Input material:
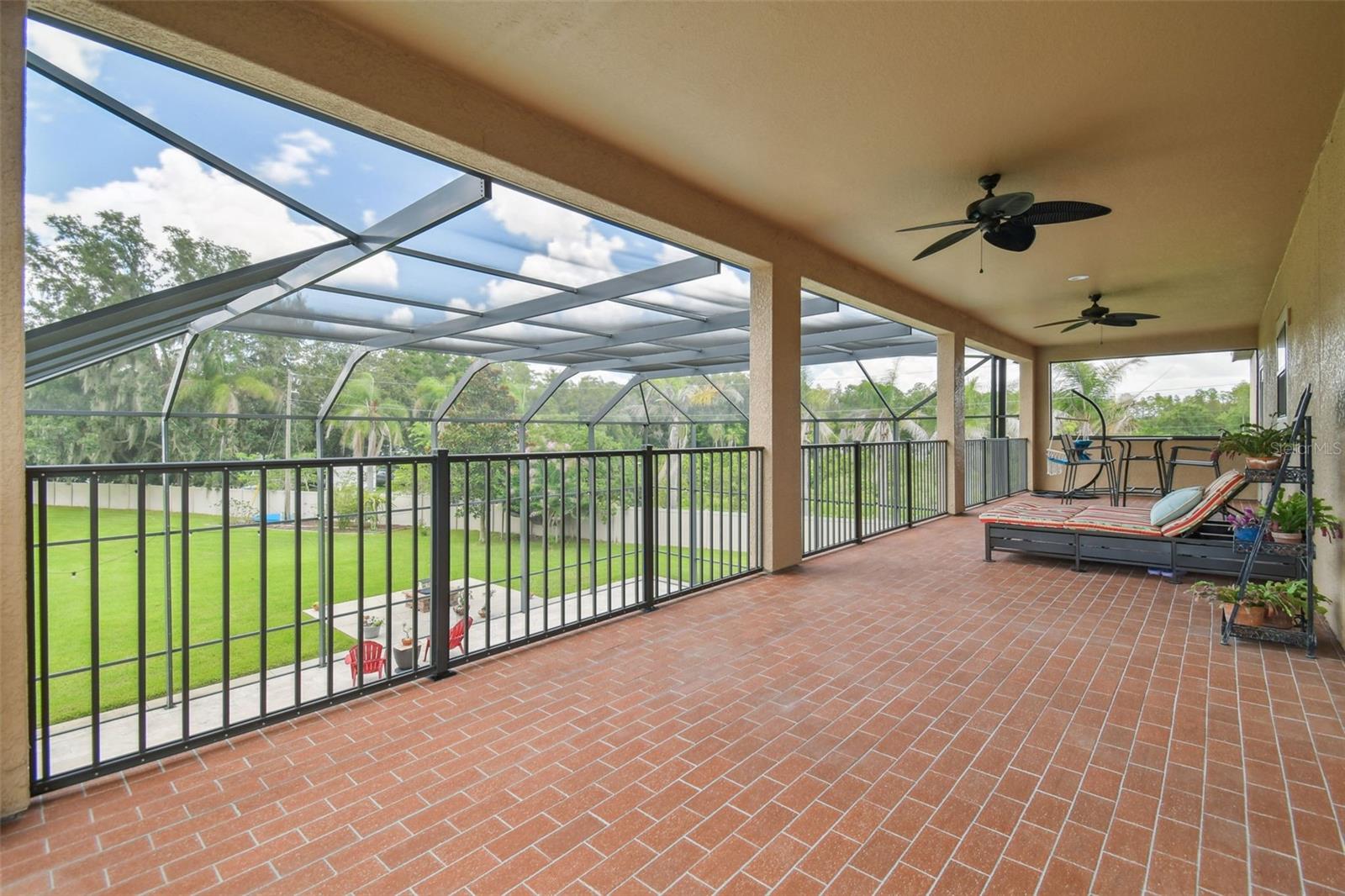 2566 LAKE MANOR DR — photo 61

---

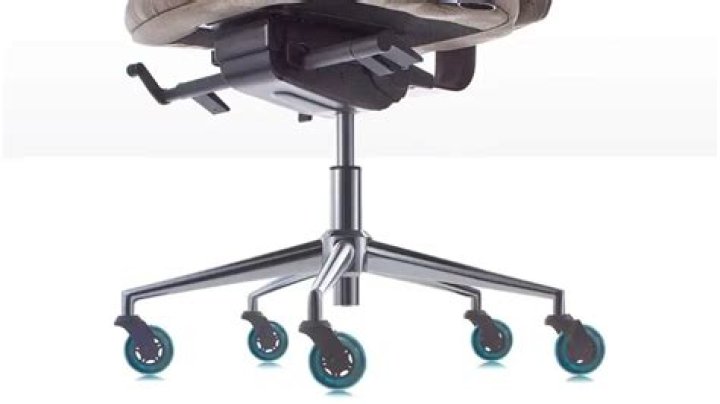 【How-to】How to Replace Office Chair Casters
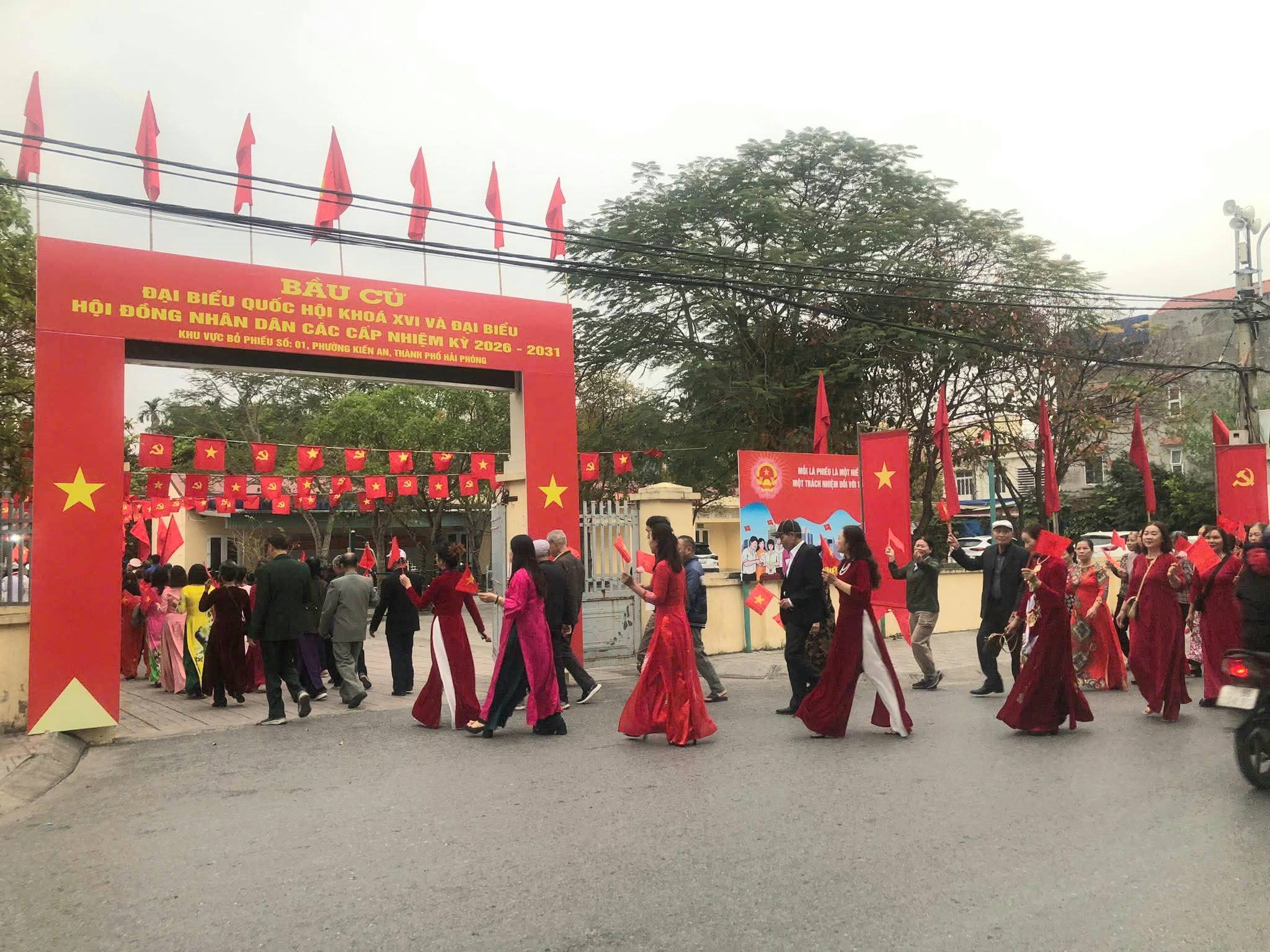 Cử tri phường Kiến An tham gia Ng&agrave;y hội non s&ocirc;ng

Requirement: Of the lines above, copy only those from the one holding "Office Chair Casters" to the one holding "Cử tri phường", both included, and exclude every image.

Finished exercise:
 【How-to】How to Replace Office Chair Casters
 Cử tri phường Kiến An tham gia Ng&agrave;y hội non s&ocirc;ng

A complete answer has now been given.